* [EXERCISE GOAL]
Extract precisely the lines that run from the line containing "മഞ്ജു വാര്യർ; വിഡിയോ" to the end of the records below, with both ends included and pictures omitted.

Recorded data

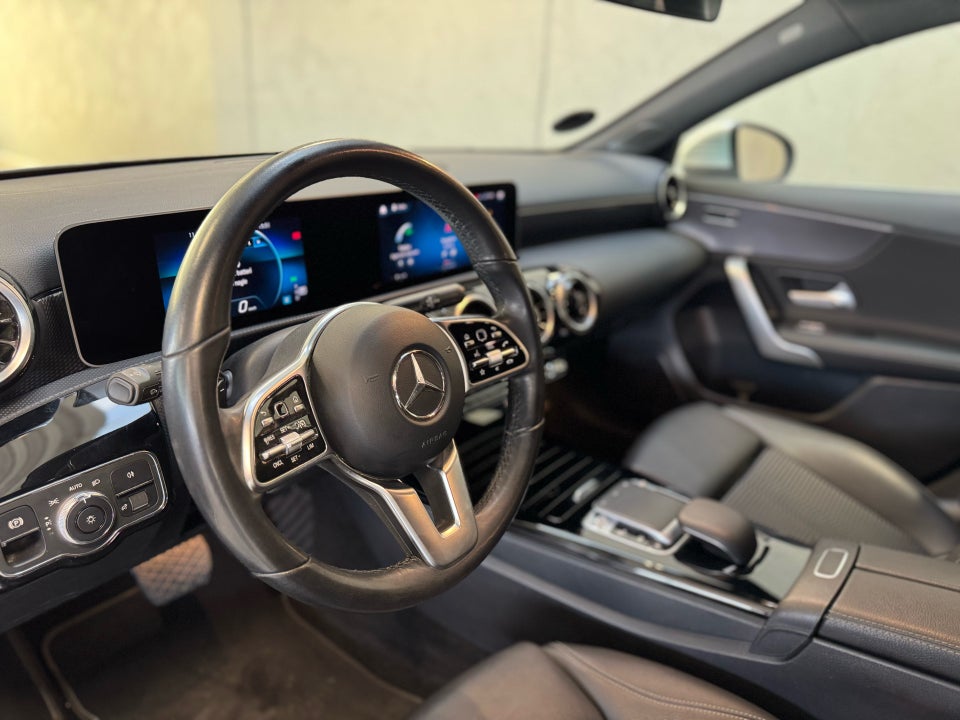 Mercedes A200 1,3 Progressive Line aut. 5d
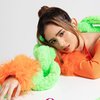 5 Foto Pemotretan Terbaru Tissa Biani untuk Majalah Cosmopolitan, Pakai Baju Bulu Full Color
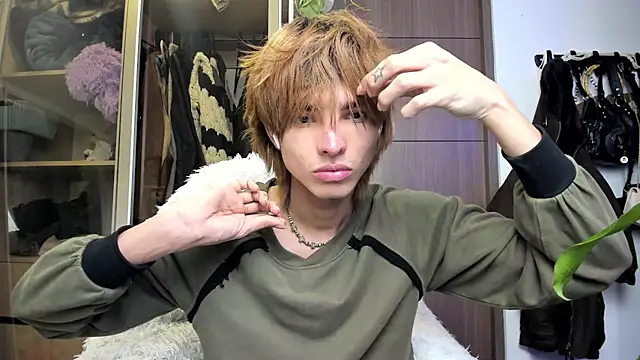 Snapshot of santy-kitty chatting on March 12, 2025, 2:20 am santy-kitty online show from March 12, 2025, 2:20 am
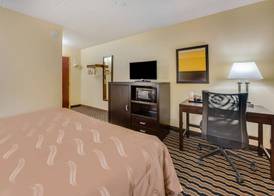Quality Inn & Suites Cincinnati Uptown Norwood 5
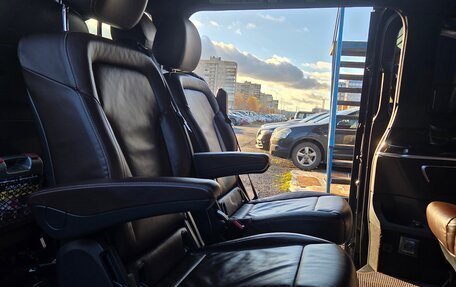 Mercedes-Benz V-Класс, 2016 год, 3 400 000 рублей, 26 фотография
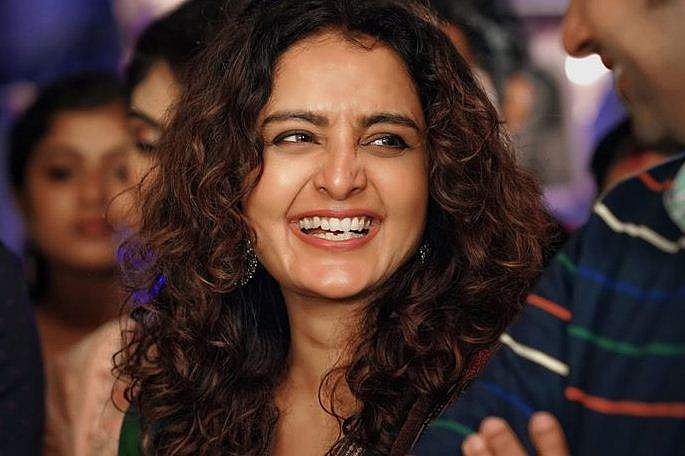 'ഡാൻസിൽ മാത്രമല്ല, വീണയിലുമുണ്ട് എനിക്ക് പിടി'; ഞെട്ടിച്ച് മഞ്ജു വാര്യർ; വിഡിയോ
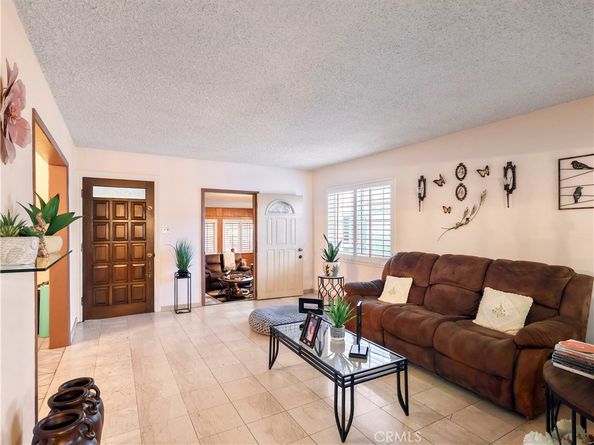 8651 Ranchito Avenue, Panorama City CA 91402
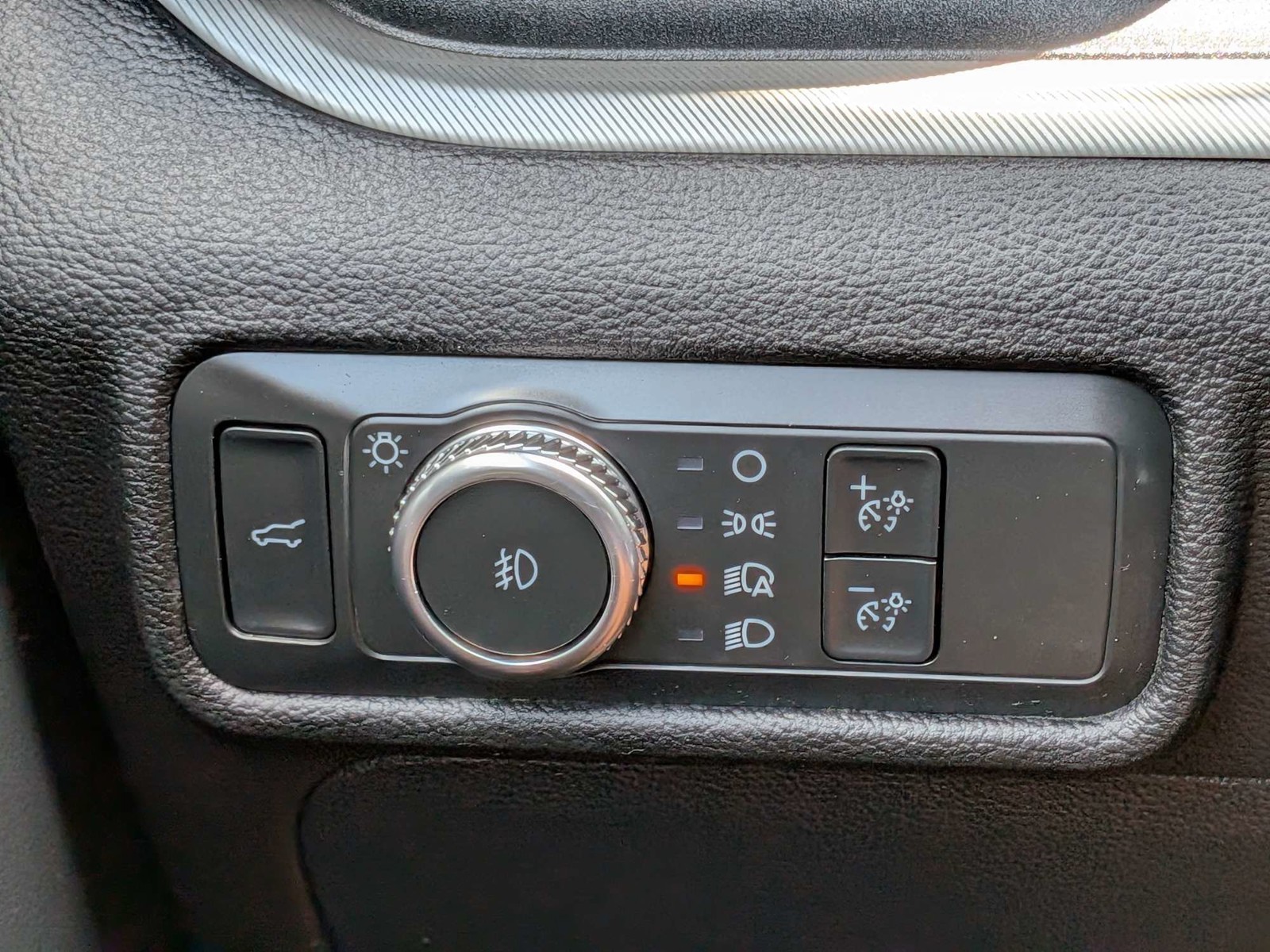 Used 2022 Carbonized Gray Metallic Ford XLT image 34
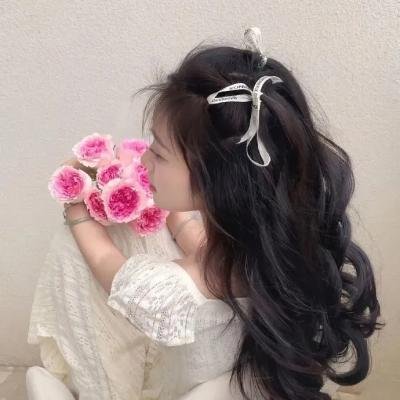 一线女星新恋情浮出水面，凌晨内幕曝光，本人沉默不回应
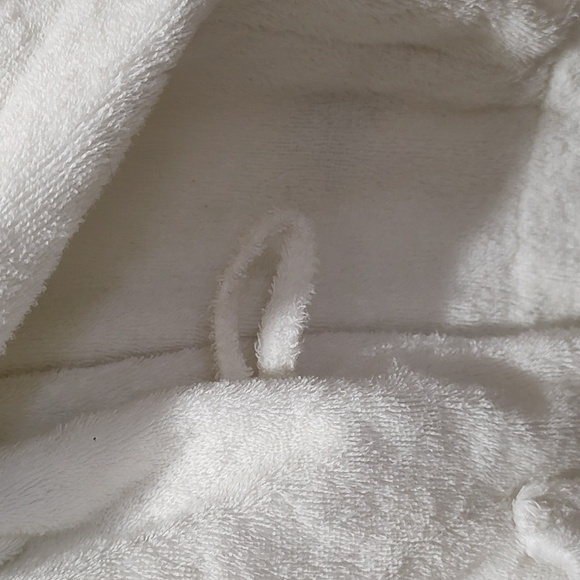 Victoria's Secret Bath Robe - Picture 4 of 8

* [ANSWER SECTION]
 'ഡാൻസിൽ മാത്രമല്ല, വീണയിലുമുണ്ട് എനിക്ക് പിടി'; ഞെട്ടിച്ച് മഞ്ജു വാര്യർ; വിഡിയോ
 8651 Ranchito Avenue, Panorama City CA 91402
 Used 2022 Carbonized Gray Metallic Ford XLT image 34
 一线女星新恋情浮出水面，凌晨内幕曝光，本人沉默不回应
 Victoria's Secret Bath Robe - Picture 4 of 8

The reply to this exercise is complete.